Monday, 31 December 2012

The Word of God (3)

More than the bible?




First, the word ‘bible’ is from the Greek biblos.  Biblos originally was the word used to describe that part of the papyrus reed used to make the rolls for writing on.  Our English word paper stems from the old word papyrus.  Biblos later came to mean the end result of the writing process, a finished scroll or roll.  When what we know as books replaced the rolls, they became known as biblos.  And since a whole work of writing would often take several scrolls or books (or ‘chapters’), biblos came to mean a collection of books.  Hence our Biblos (Bible) is a collection of books.  It is not an “inspired” word; our bible nowhere refers to itself as a “bible”, let alone a “holy bible”.  That title was given to our collection of writings by man, without reference to the writers of the original works that appear in the bible.  God may have breathed (the meaning of ‘inspired’) the content of our bible books, but man called it a bible and man called it holy simply because it refers to God.


Second, our bibles do in fact refer to writings that are “God-breathed” (what some call inspired).  In Latin, the word is scriptura; in Greek, the word is graphe.  It means ‘the writings’ or ‘that which is written’.  When Paul wrote to Timothy that “all scripture is inspired by God…” (2 Timothy 3:16), he was not saying “the bible is inspired by God”: that is an inference made by man, and in particular by people who want to control other people by keeping them ignorant and in bondage to a religious system.  When Paul wrote that, much of the New Testament was still future; probably the only post-Jesus writings accepted as scripture at that time would have been, at most, one maybe two of the gospel accounts.
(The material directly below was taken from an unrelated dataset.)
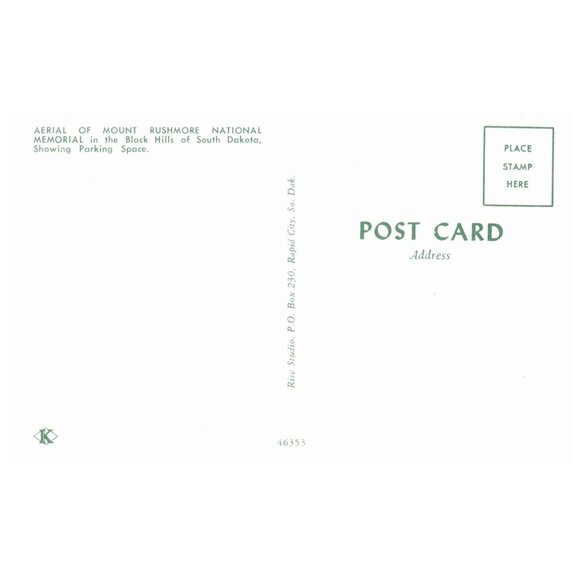 Postcard Chrome era Aerial View o Mount Rushmore National Memorial South Dakota - Picture 2 of 2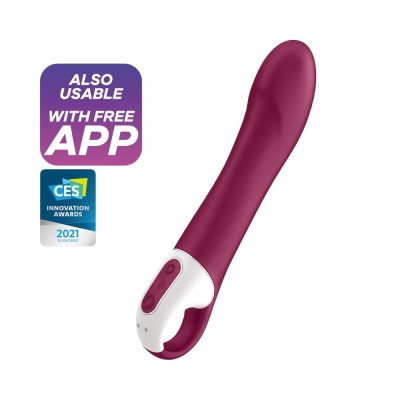 Vibrator Punctul G Big Heat, Bordo, 22 Cm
Think about the New Testament writer Luke for a moment.  It is generally understood that Luke wrote both the gospel account that bears his name and the book of Acts.  They were apparently written as a set of two biblos for a friend of Luke whose name is Theophilus (which name means ‘lover of God’ or ‘loved by God’).  But it becomes evident when you read Acts that Luke travelled with Paul on his journeys with the good news of Jesus.  He appears to be in part a writer of eyewitness accounts.  The story of Paul ends not long before the destruction of the Jerusalem temple in AD 70, so Luke’s second book could not have been completed much before that.  And Paul wrote his letters to Timothy while on the road – quite possibly with Luke!

If you mull over that and then put Paul in his context, it is very probable that Paul was writing to Timothy something quite different in fundamental meaning from the meaning we impute to it today.

Paul fought a long and hard battle (most of his post-conversion life in fact) to defend the purity of the good news of Jesus from Jewish religious incursions.  Remember, before his conversion, Paul was a Pharisee, born into a Pharisee family.  He was a contemporary of Jesus, and so it is likely that he was among those who lobbied for Jesus’ death.

When the ascended Jesus got Paul’s attention and knocked him off his horse while he was on his way to persecute more Jesus-followers, Luke records that Jesus asked Paul (named Saul at the time), “why are you persecuting me?”  Paul is a wonderful example of a full 180° repentance conversion.  Those whom he once sought to persecute, jail or kill, he now sought to love and serve as Christ himself would.  Jesus took Paul out for several years and, in that time, God gave him the job of custodian of the revelation of the administration of the new covenant and the ecclesia.  And that revelation left no room – none whatsoever – for a Jewish interpretation of the good news for non-Jews or for the addition of Jewish practices to that good news.  The fight wore on for his entire life, at times leading to violent assaults and even to being left for dead.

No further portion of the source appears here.